以前からの友達もほとんど変わっていないそうだが、中には、まだ金原さんが「芥川賞作家」だということを知らない人もいるとか。

「このあいだ、久々に連絡をとった友達なんですけど、全然知らなかったみたいで、『へえー』って言ってました。芥川賞自体、よく知らない友達もいますしね。生活は執筆中心に大きく変わりましたけど、自分の価値観は変わっていないと思います。パソコンに向かって文章を書く、というのは、どこでやっても変わらない行動ですよね。私はそこが軸になっているんです。

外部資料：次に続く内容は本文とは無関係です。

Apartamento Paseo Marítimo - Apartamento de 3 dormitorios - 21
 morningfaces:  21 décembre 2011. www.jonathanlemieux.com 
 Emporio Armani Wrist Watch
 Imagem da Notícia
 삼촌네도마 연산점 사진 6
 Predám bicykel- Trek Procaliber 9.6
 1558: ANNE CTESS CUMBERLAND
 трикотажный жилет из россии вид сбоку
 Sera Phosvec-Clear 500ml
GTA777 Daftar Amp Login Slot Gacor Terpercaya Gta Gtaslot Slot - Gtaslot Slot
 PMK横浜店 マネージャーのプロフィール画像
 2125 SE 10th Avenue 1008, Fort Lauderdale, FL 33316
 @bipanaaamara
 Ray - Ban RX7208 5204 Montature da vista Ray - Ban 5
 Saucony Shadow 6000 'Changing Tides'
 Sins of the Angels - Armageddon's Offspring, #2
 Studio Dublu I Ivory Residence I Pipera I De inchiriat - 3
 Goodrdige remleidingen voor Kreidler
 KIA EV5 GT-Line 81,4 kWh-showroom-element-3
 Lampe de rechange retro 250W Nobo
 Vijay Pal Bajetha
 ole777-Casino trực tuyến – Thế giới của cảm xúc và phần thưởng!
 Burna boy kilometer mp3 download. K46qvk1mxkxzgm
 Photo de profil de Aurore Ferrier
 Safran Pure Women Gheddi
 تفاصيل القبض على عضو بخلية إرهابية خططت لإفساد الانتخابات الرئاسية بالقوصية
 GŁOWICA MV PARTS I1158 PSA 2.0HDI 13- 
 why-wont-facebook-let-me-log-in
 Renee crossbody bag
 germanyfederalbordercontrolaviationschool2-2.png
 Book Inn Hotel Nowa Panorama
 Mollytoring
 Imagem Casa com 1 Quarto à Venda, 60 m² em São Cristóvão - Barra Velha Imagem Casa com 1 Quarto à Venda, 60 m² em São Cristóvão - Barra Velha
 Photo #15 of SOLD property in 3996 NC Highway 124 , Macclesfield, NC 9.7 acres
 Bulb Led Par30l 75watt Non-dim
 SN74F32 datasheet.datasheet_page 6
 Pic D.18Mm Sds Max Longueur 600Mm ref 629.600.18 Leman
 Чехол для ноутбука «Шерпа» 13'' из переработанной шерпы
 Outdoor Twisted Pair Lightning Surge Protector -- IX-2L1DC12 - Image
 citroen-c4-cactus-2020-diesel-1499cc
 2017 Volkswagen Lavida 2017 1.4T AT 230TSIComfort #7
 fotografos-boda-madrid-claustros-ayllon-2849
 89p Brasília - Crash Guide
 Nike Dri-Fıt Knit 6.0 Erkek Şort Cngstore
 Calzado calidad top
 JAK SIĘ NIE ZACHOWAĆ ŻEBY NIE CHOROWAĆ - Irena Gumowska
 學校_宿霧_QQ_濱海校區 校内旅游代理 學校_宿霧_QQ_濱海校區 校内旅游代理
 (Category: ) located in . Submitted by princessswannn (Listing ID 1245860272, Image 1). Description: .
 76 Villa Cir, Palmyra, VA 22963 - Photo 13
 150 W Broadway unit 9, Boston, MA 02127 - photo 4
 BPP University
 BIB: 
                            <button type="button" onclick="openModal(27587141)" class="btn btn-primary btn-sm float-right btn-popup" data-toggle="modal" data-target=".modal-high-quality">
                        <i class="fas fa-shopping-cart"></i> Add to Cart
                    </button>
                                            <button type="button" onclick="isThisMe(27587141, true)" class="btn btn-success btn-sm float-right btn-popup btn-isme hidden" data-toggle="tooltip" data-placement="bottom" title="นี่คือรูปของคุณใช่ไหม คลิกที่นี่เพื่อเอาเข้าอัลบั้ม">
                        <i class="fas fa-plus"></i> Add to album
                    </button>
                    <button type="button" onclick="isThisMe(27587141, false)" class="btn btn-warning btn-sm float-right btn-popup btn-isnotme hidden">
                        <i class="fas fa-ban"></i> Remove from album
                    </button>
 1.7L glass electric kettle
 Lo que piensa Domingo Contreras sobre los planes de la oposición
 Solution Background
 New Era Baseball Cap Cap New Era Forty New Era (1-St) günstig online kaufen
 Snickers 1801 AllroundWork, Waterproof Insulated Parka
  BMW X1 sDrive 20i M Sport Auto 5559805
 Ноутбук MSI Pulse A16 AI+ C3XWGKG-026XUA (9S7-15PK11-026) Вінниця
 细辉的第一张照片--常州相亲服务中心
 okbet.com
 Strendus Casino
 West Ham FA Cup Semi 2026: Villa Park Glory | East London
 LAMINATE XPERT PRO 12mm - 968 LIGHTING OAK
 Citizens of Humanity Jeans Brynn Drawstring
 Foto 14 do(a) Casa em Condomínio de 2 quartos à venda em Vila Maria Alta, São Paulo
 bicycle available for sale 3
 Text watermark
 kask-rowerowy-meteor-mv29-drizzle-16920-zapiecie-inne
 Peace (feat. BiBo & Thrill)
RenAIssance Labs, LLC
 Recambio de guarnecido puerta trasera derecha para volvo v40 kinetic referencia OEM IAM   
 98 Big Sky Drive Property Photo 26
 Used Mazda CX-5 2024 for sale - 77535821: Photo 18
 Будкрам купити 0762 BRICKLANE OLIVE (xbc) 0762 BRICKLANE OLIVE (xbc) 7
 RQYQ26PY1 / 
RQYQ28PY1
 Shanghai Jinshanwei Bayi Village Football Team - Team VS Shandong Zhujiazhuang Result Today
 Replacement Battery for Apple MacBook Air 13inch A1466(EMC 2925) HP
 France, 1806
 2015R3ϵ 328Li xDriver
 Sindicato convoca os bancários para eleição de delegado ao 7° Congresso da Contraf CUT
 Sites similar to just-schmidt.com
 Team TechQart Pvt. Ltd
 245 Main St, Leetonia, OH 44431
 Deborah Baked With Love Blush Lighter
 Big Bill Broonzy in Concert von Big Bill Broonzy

他のことはそれを中心に回っているので、生活が変わっても、軸は変わらない。書き続けることによって、変わらない中心を持っている感じです」

そんな金原さんの、キャミソールからのぞく細い腕と白い肌にはびっくりするほど。『AMEBIC』に、体重が40キロに満たない主人公が献血を断られるシーンがあるが、思わず「献血できますか?」と聞いてしまう。

「できないんですよ(笑)。仕事もデスクワークで夜型なので、肌は白くなりますし。鍛えたからだに憧れはあるんですけど、運動もしないですねぇ。あっ、でもこの間、初めて乗馬をしました。前から、一度やってみたかったんです。すごく楽しかった。馬が欲しくなる人の気持ちがわかりました。かわいいんですよ、顔が。でも、疲れましたね。終わった後、食事に行って煙草をすおうと思ったら、手が口元まで上がらないんです。腕がふるふるして。翌日も、一日使いものになりませんでした」

デビュー作『蛇にピアス』は、6月に英語版としてアメリカ、イギリスで出版。イタリア、韓国、台湾、香港、タイでもすでに発売されている他、スペイン、フランス、ドイツ、ロシア、中国など22か国から出版依頼が相次いでいる。3月には香港文学フェスティバルで、インタビュー形式の講演も行った。

「いろいろな国で出版されるのは、とてもうれしいですね。装丁も日本版とは違ったり。読めないので、パラパラ見るだけなんですけど。香港は、ちょうど『AMEBIC』の直しをしているときだったので、原稿を持っていったんですが、結局、1ページも読まず(笑)。飛行機の中でも映画を見てました。でも、原稿がせっぱつまっているときだったので、逆に気分転換になりました」

海外での反応もまた楽しみだ。着実に成長を続ける金原さん。デビュー作、そして第2作に感じられた大きなテーマが『AMEBIC』ではどんな方向に展開しているか、ぜひみなさんの目で読み解いてほしい。